Впрочем, с 2003 г. существует общество, в котором изучение Шеллинга играет центральную роль. Это новейшее учреждение - Северо-Американское «Общество немецкого идеализма», которое может проводить свои конференции на собраниях Американской философской ассоциации. Это общество, резиденция которого находится в Колледже Льюиса и Кларка в Портленде, штат Орегон, является, по моему мнению, признаком того, что сейчас немецкий идеализм в США, можно сказать, «жив и здоров». Оно также является признаком того, что время изучения немецких идеалистов по отдельности и даже до некоторой степени изолированно подходит к концу, и, вместо этого, появится более общее понимание движения мысли от Канта к Гегелю в целом, а с этим и того, что делает немецкий идеализм столь особым феноменом в истории философии. [6]

[1] Статья была опубликована в Jahrbuch der Japanischen Hegel-Gesellschaft  за 2007 г. после того, как она была прочитана на конференции этого общества в Японии.

[2] Getting it right about what is as it is. Менее громоздкий  и более точный перевод в голову не приходит.

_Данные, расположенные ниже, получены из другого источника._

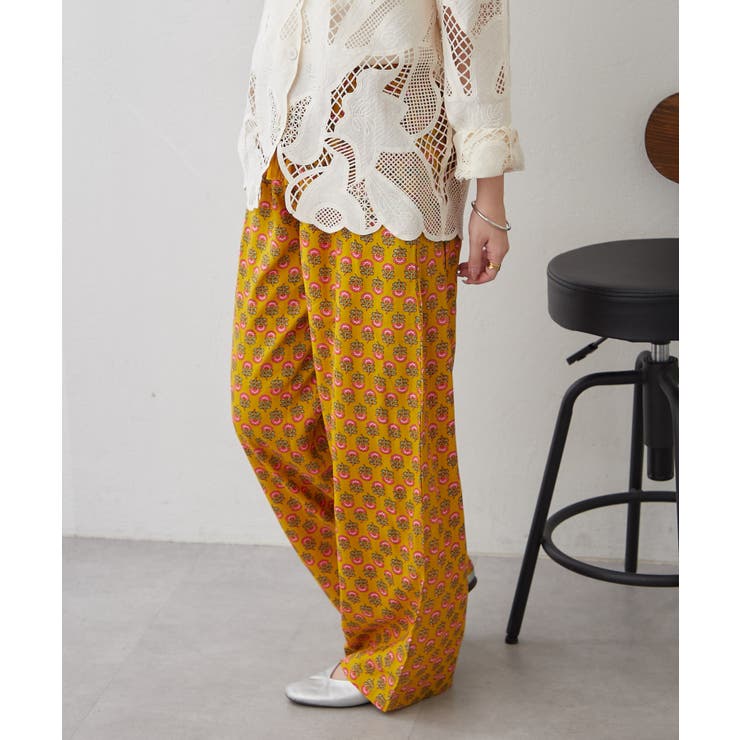 【NAO】アソート柄イージーパンツ | RMAF　NICE CLAUP / OLIVE des OLIVE | 詳細画像29 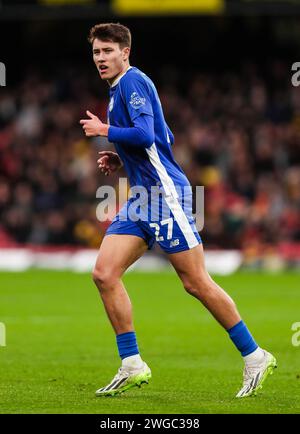 Rubin Colwill de Cardiff City en action lors du Sky Bet Championship Match à Vicarage Road, Watford. Date de la photo : Samedi 3 février 2024. Banque D'Images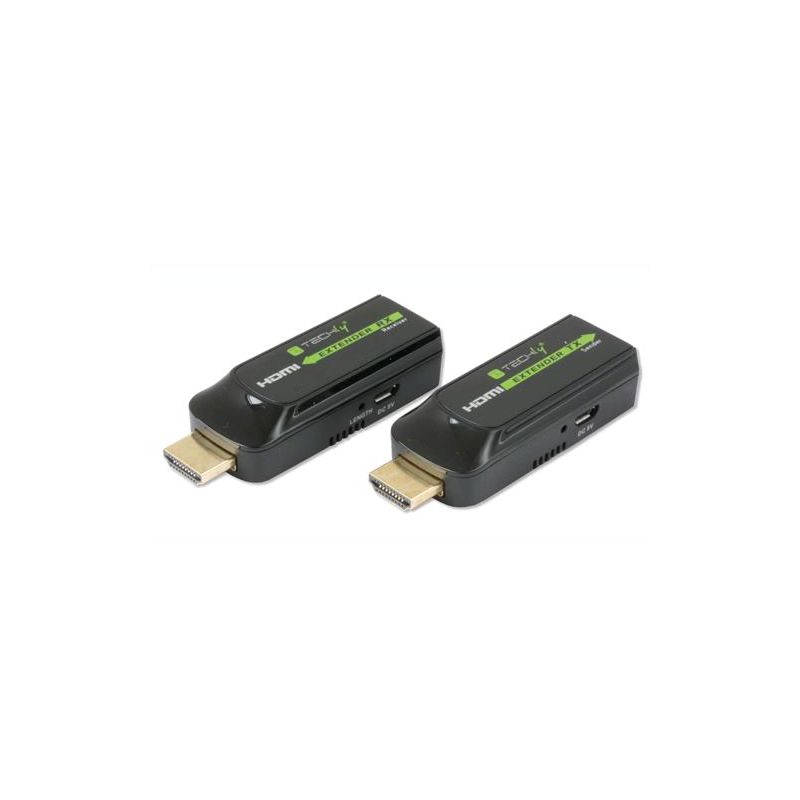 Image of Extender hdmi compatto Full hd su cavo Cat.6/6A/7 max 40m - Techly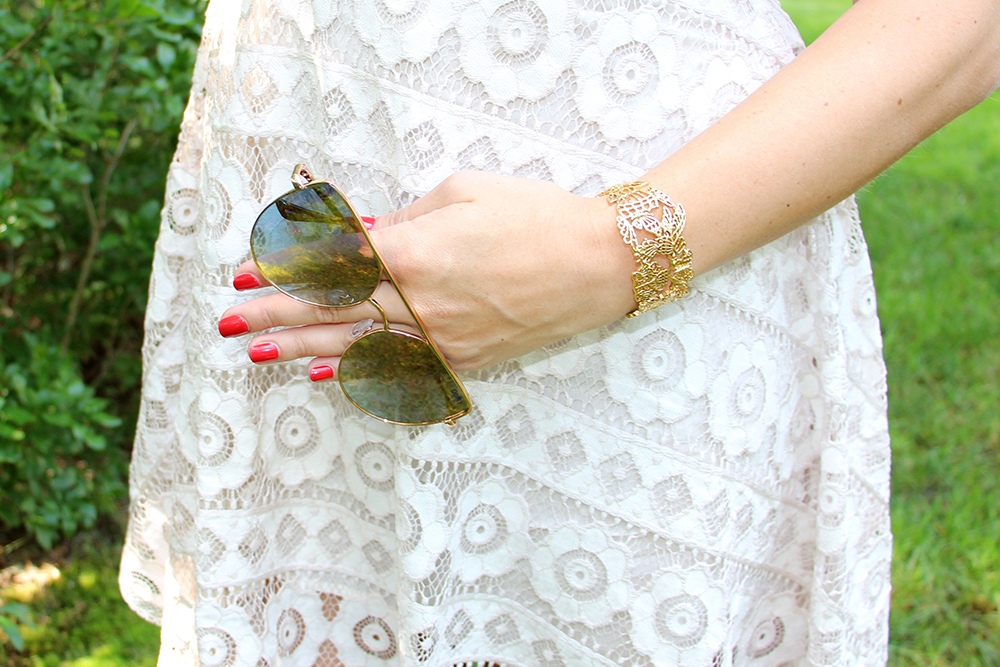Kate Spade New York Golden Age Cuff Bracelet in Gold and Quay Santa Fe Sunglasses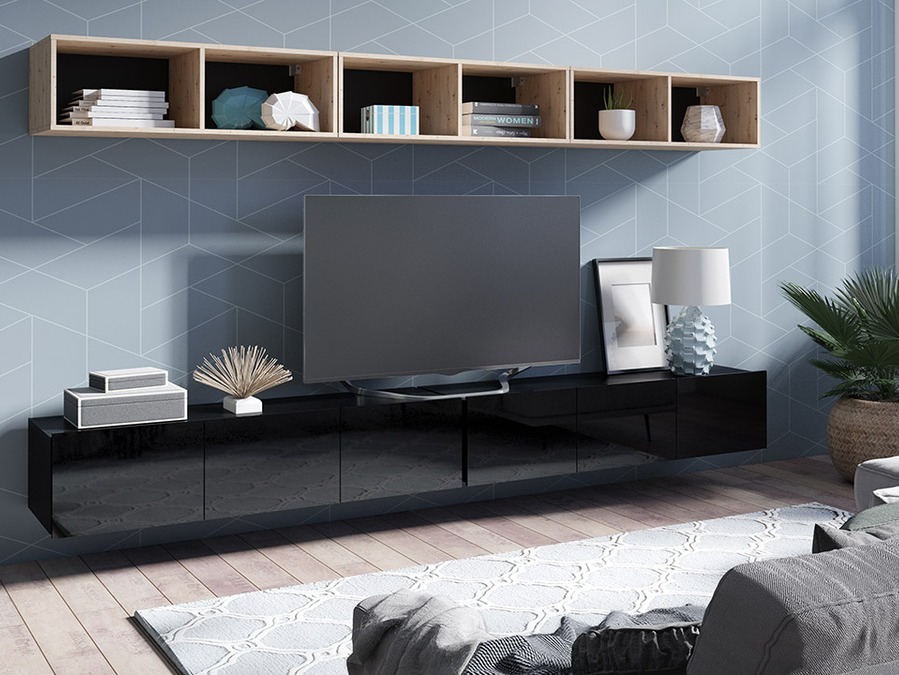 Elutoa komplekt Remus XXXIII (Must + Läikiv must + Artisan tamm)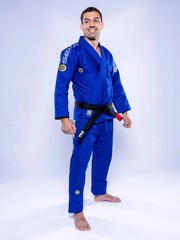 New Fuji Sports Sekai 3.0 „World” Mens Brazilian Jiu-Jitsu BJJ Gi – Blue/Yellow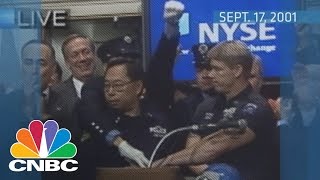 Reopening the NYSE after 911  Archives  CNBC [upl. by Waterman]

[3] Одно интересное исключение: Дуглас Хофштадтер и др., Fluid Concepts & Creative Analogies. New York: Basic Books 1995. Конечно, эта книга происходит из совершенно другого исследовательского контекста, а именно из контекста когнитивных наук.

[4] Райнхард Лаут (1919-2007) - немецкий философ, был ответственным редактором полного собрания сочинений Фихте, изданного Баварской академией наук.

[5] Нойхаузер с 2003 г. преподает в Колумбийском университете.

[6] Последнее предложение можно проиллюстрировать тем фактом, что сам автор статьи в 2011 г. опубликовал книгу Die 25 Jahre der Philosophie именно о периоде философского развития от Канта до Гегеля, вышедшую в 2012 г. и на английском языке в Harvard University Press (под названием The Twenty-Five Years of Philosophy: A Systematic Reconstruction). Эта книга не вполне обычна тем, что в ней автор особо подчеркивает влияние Гёте на формирование немецкого идеализма (см. особенно главы 4 и 11).